План у меня был самый наивный. Нарисую женщину, покажу картинку Гюставу, он засмеется, а я попрошу позволения потрогать тайну, которая рисовалась моему воображению во время застолья под многозначительной выпуклостью брюк. Что же до женщин в неглиже, то кроме няни видеть мне таковых не доводилось, и я считал, что упругие груди как-то делают себе актрисы, а вообще у всех они обвислые. Мой рисунок был весьма реалистичен. Гюстав расхохотался, спросил меня, кто моя модель, а когда я, пользуясь тем, что он так и кис от смеха, с неподобающей дерзостью двинулся прямо к цели, оттолкнул меня, весь красный, ущипнул за ухо — якобы за то, что я его пощекотал — и, до смерти боясь лишиться места, выпроводил за дверь.

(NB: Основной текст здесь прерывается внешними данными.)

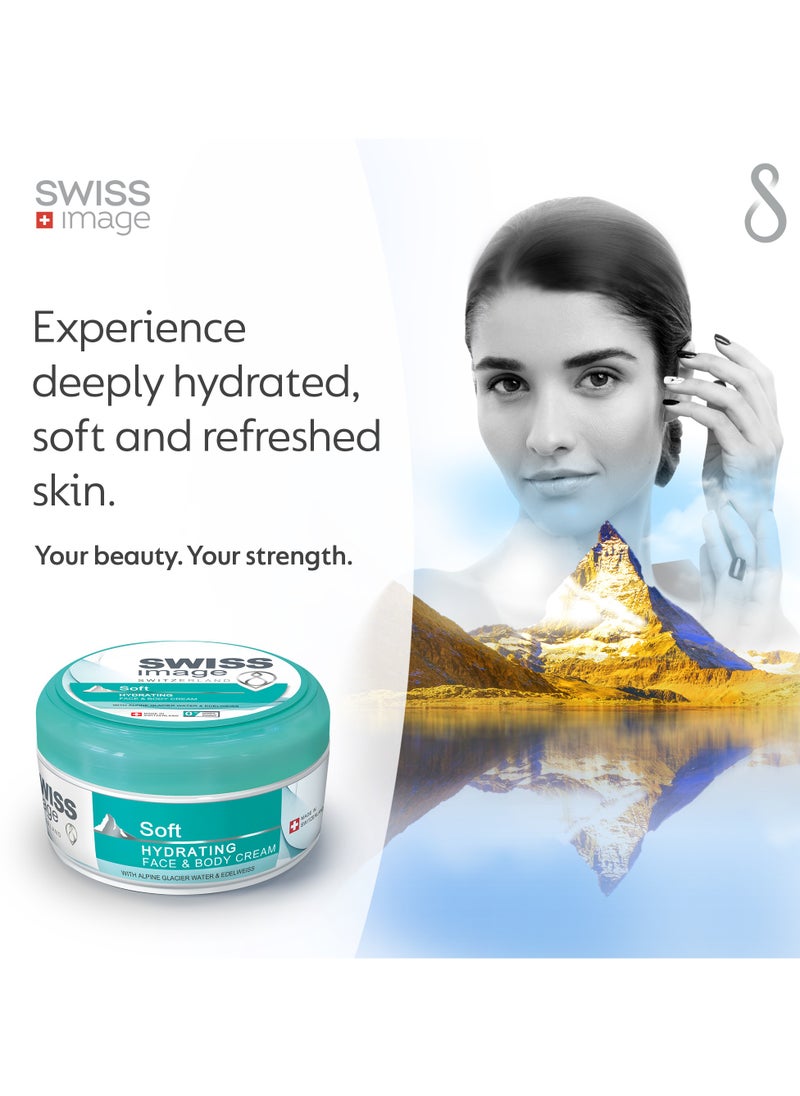 SWISS image - Soft Hydrating Face & Body Cream 200 ml | Instant Hydration & Non Greasy enriched with Alpine Glacier Water & Edelweiss for Daily Use - Image 1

Через несколько дней он попался на краже вина. Отец уволил его. Я заступался, плакал; все было без толку. Я проводил Гюстава до станции, подарив ему на прощанье кегли для его маленького сына, фотографию которого он мне показывал.
Моя мать умерла, произведя меня на свет, и я жил всегда наедине с отцом, человеком грустным и очаровательным. Его грусть зародилась задолго до смерти жены. Даже в счастье он был грустным, и потому-то я искал более глубокие корни этой грусти, чем вдовство.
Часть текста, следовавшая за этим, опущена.